Escarpment in British Columbia, Canada

The Mess Creek Escarpment is a long, discontinuous cliff along Mess Creek in Cassiar Land District of northwestern British Columbia, Canada. It forms the east-central side of Mess Creek valley and consists of two segments separated about 5 km by Walkout Creek valley. The northern segment extends about 8 km southeast along the southwestern side of the Big Raven Plateau, whereas the southern segment extends generally south along the northwestern, western and southwestern edges of the Kitsu Plateau for about 10 km. With an elevation of more than 5500 ft, the Mess Creek Escarpment rises more than 3000 ft above the floor of Mess Creek valley. The escarpment lies within the boundaries of Mount Edziza Provincial Park.
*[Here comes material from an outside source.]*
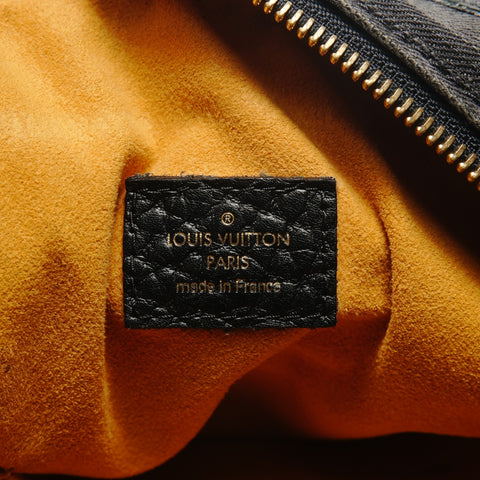 LOUIS VUITTON 2005 Neo Cavvy GM Denim Shoulder Bag black WS28901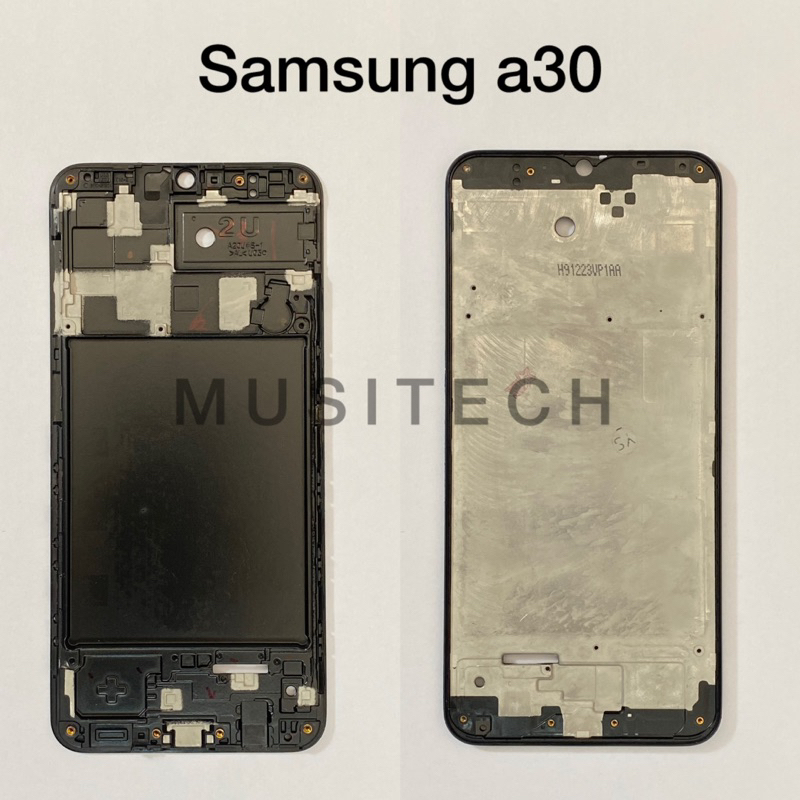 frame lcd samsung a30/kedudukan lcd samsung a30/tulang tengah samsung a30/tatakan lcd samsung a30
The Mess Creek Escarpment forms the west-central side of the Mount Edziza volcanic complex and consists of at least six geological formations, each being the product of a distinct period of volcanic activity over the last 7.5 million years. With the exception of the Armadillo and Spectrum formations which consist of basalt, trachyte and comendite, volcanic rocks of the Raspberry, Nido, Ice Peak and Big Raven formations exposed along the escarpment are mainly basaltic in composition. Underlying these geological formations are much older Paleozoic and Mesozoic rocks of the Stikinia terrane, as well as and Cretaceous and Paleocene rocks of the Sustut Group.

==Name and etymology==
The Mess Creek Escarpment was officially named on January 2, 1980. Its name was adopted on the National Topographic System map 104G after being submitted to the BC Geographical Names office by the Geological Survey of Canada. It was required for geology reporting purposes since Jack Souther, a volcanologist of the Geological Survey of Canada, was studying the area in detail between 1970 and 1992. The escarpment was named for its association with Mess Creek, a tributary of the Stikine River which flows into Sumner Strait of southeast Alaska. It is one of two officially named escarpments in British Columbia, the other being the Etsho Escarpment northeast of Fort Nelson in Peace River Land District.

==Geography==
The Mess Creek Escarpment is in the Tahltan Highland east of the Boundary Ranges of the Coast Mountains and west of the Skeena Mountains and Klastline Plateau in Cassiar Land District. It forms the east-central side of Mess Creek valley and the west-central side of the Mount Edziza volcanic complex, consisting of two segments separated about 5 km by Walkout Creek valley. The northern segment extends southeast along the southwestern side of the Big Raven Plateau for about 8 km where it reaches an elevation of at least 5500 ft. This segment is drained by at least four unnamed tributaries of Mess Creek, which is less than 2500 ft in elevation.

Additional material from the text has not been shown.